C'est grâce au langage qu'on peut parler de l'homme pensant.
Dans les rapports intersubjectifs, le langage articulé joue un rôle de
premier plan dans l'expression et la communication. Il s'agit du rôle
ontologique du langage.
Les anciens, comme Platon, s'interrogent sur la nature du
langage et s'intéressent au rapport entre langage et nature. Pour Platon,
le langage est une création qui découle de l'essence des choses. Mieux
que Platon, les stoïciens notamment, Sextus Empiricus et Diogène
Laërce, ont porté leur attention sur le langage en marquant l'opposition
entre signification (Semainon) et signifié (Semainomenon). Les
stoïciens préfigurent la linguistique et ouvrent une longue tradition
grammaticale.
Cependant, dans cette situation de langage, mieux dans la
totalité de notre expérience, se pose un problème de "la
compréhension" du langage: tel est le problème philosophique qui
attire notre attention dans cet article. Qu'est ce qui peut faire obstacle à
la compréhension dans un acte de langage et entraîner des
malentendus? En outre, quand pouvons nous affirmer qu'il ya
compréhension dans un acte de langage? C'est à ces deux
interrogations que Wittgenstein tente de répondre à travers son
ouvrage " les investigations philosophiques" (L. WITTGENSTEIN,
1961), afin d'identifier l'environnement de la compréhension et de
chercher à s’échapper à ce que nous disons lors que surgit une
contradiction (je ne l'ai pas entendu ainsi).

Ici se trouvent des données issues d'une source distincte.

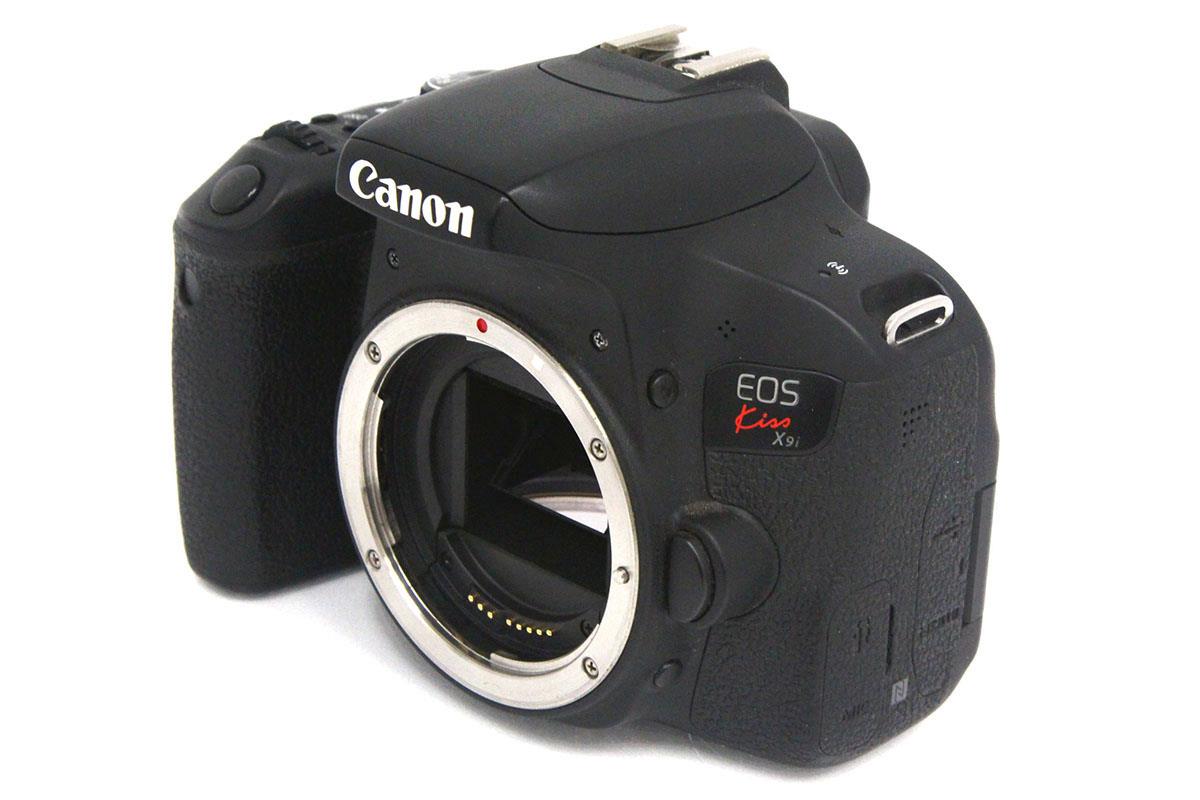 新品 Canon EOS Kiss X9i レンズセット 黒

De ce qui précède, notre investigation suivra une progression
analytique qui nous conduira vers la conception wittgensteinienne du
langage contenu dans ses deux moments de pensée. En effet, plusieurs
philosophes, de Francis Bacon à Carnap, en passant par Locke,
Leibniz, dénoncent l'inadéquation du langage quotidien et l'abus des
mots. Plusieurs autres, prenant le contre-pied, reposent leur espoir sur
une analyse minutieuse du langage ordinaire pour accéder à des
connaissances incluses dans son usage. C’est justement ce qu'on
appelle la philosophie du langage ordinaire, née de la seconde
philosophie de Wittgenstein et de la critique de Russel par Strawson.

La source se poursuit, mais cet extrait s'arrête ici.